Il me revient le souvenir d'une bribe de rêve : dans une mêlée confuse, des gens se font transpercer par des épées. Que j'aie, à ce moment ou l'instant d'avant, à me préoccuper de ne pas subir le même sort et à essayer d'empêcher que d'autres meurent, est implicite et annexe. Je ne vois que cette large et lourde lame pénétrant dans la chair d'un humain qui voulait vivre encore.
L'objet de mon souvenir est ce mouvement de pensée : je me concentre pour garder à l'esprit toute l'horreur de la chose, que sinon les circonstances : devoir assurer ma survie immédiate, ne pas devenir fou, éloigneraient jusqu'à l'anecdotique.

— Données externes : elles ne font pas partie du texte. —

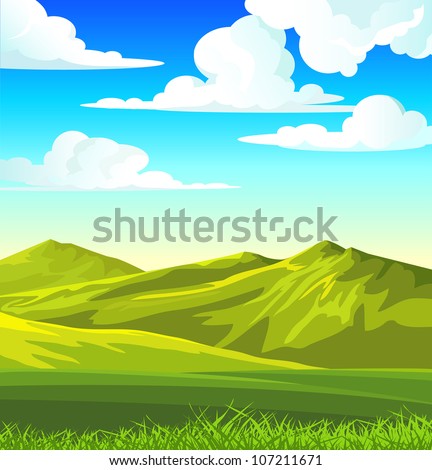 Summer landscape with green meadow and grass on a blue cloudy sky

Pour que ceux qui sont tombés devant moi ne deviennent pas aussi insignifiants que des personnages de film qu'on imagine se relever ensuite, il faut absolument que je continue à savoir ce qui est arrivé, à l'appréhender non comme un fait parmi d'autres mais comme la vérité horrible que cela représente.
Certes, il s'agit ici d'un rêve. Mais ce qu'il décrit existe bel et bien : des gens meurent ainsi, transpercés par les injustices que nous acceptons, par la violence que nous acceptons, et ceux qui l'apprennent laissent l'indifférence les recouvrir. Il y a un enjeu majeur à ne pas laisser les situations difficiles dans lesquelles nous sommes plongés nous enlever la conscience de la gravité des événements qui se produisent autour de nous.